Despite multiple calls by CCC for international buyers to explicitly back the trade union demand for a 23,000 BDT minimum wage, and to assure suppliers that they would raise their own prices in accordance with the labour cost increase, all but one brand refused to do so.*
Many brands sourcing from Bangladesh, including H&M, Next, C&A, Uniqlo and M&S have long-standing living wage commitments. Yet at the most crucial moment for the brands to use their outsized leverage to assure their own workers are not living in poverty, they have failed to act, illustrating the emptiness of these commitments to living wages.
The Prime Minister has yet to implement the new wage. It is now up to these brands to put their money where their mouth is and ensure workers in their supply chain earn at least 23,000 BDT, which is still not a living wage but the bare minimum that is needed for workers to make ends meet.
Trade unions in Bangladesh have raised sharp criticism of the integrity of the wage-setting process, just like five years ago. Trade unions demand annual revisions of the minimum wage, instead of once every five years. Trade unions also point out that the workers’ representative on the Wage Board must be selected from the most representative trade union. In this and previous wage negotiations, this regulation has been flouted to install a “workers’ representative” who is favourable to employer and government interests.
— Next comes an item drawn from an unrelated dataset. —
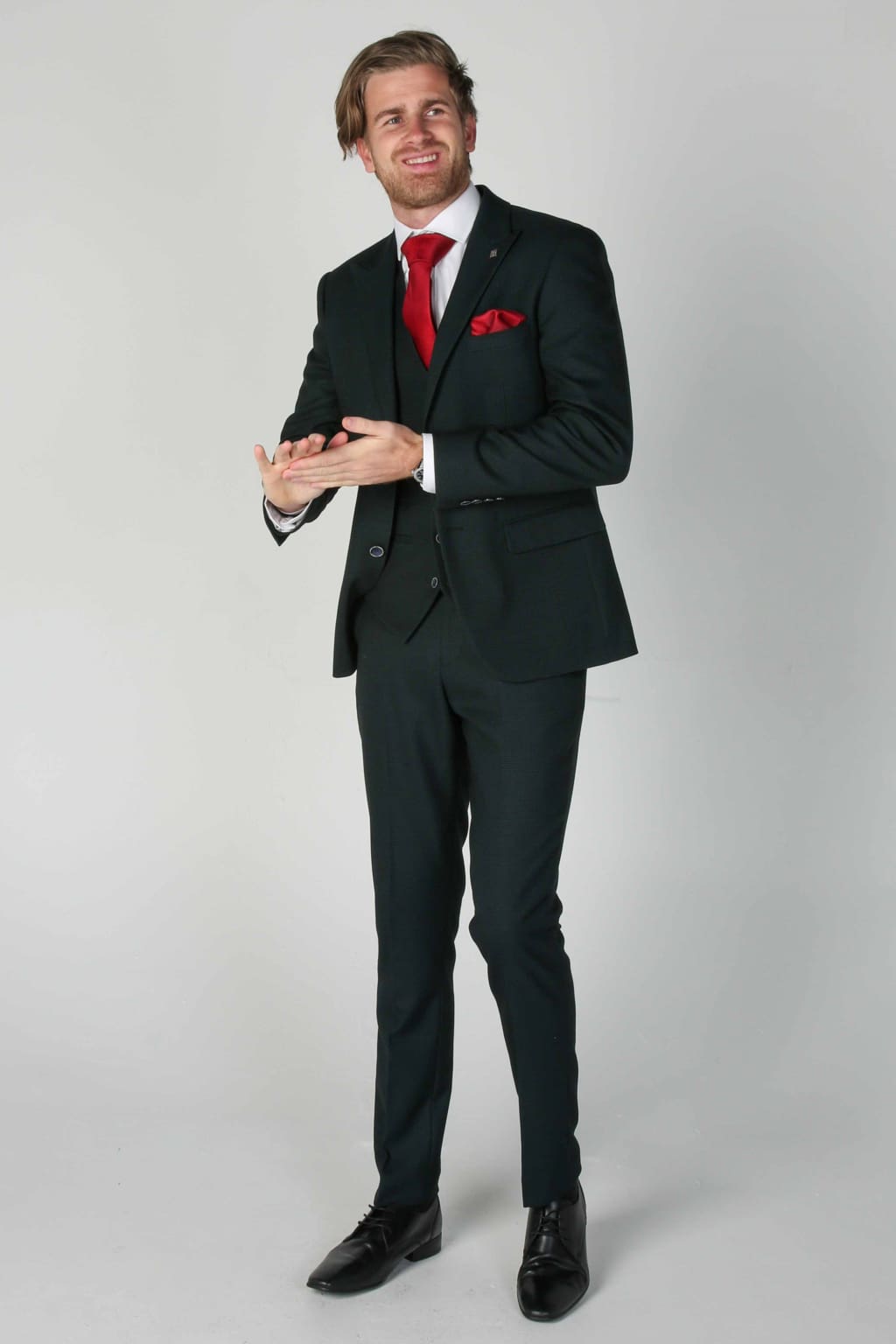 Jasper Green Men's Three Piece Suit | Premium Formal Business Attire | Perfect for Weddings, Office & Special Occasions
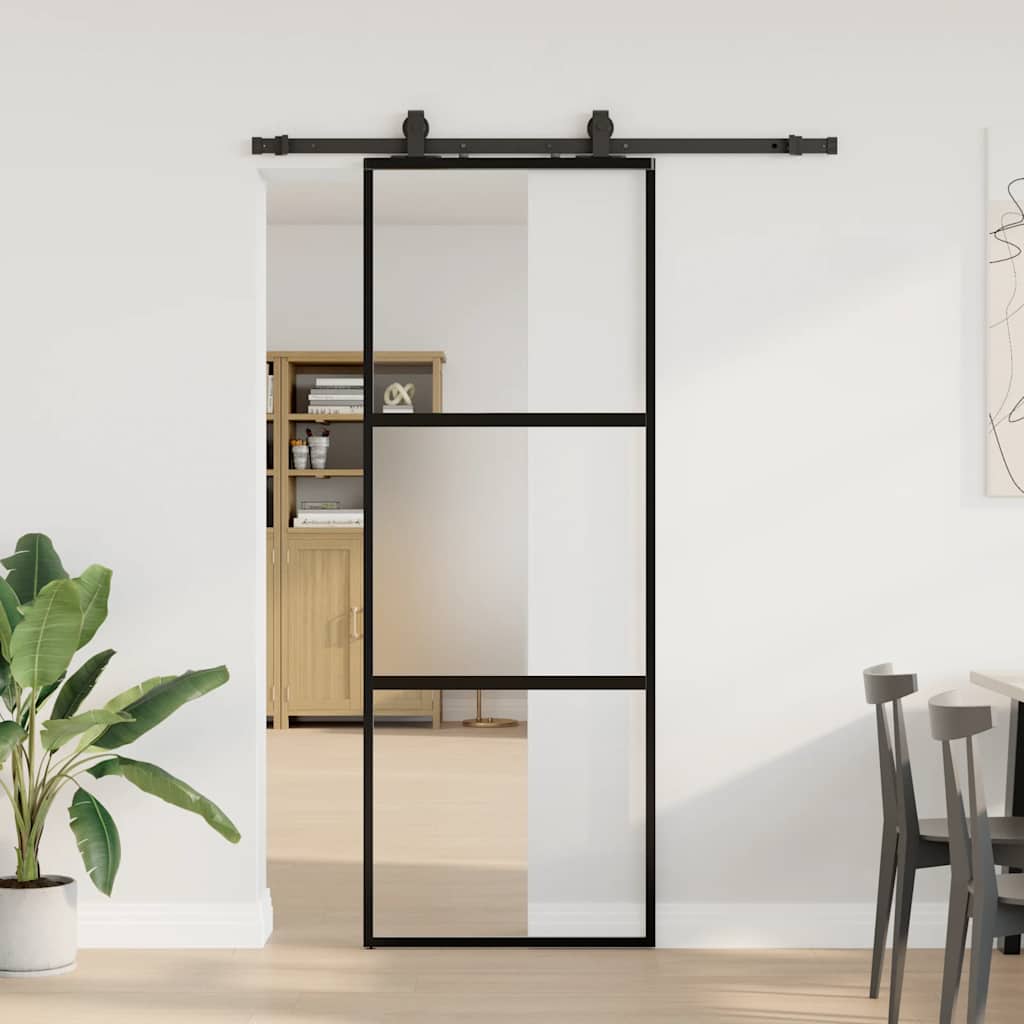 Sliding door with black hardware 76x205 cm tempered glass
Finally, trade union leaders point out that their proposal for 23,000 BDT was reached using criteria prescribed under both the country’s labour law (the Bangladesh Labor Act) and international labour standards (ILO Convention 131 on Minimum Wage Fixing), while the employers’ proposal was not.
* Patagonia was the only brand explicitly supporting the trade union demand for 23,000 Taka but it did not commit to increasing the prices it would pay to its supplier. Other brands vaguely supported demands for higher wages, but refused to explicitly back the trade union demand for 23,000 BDT or commit to increasing prices.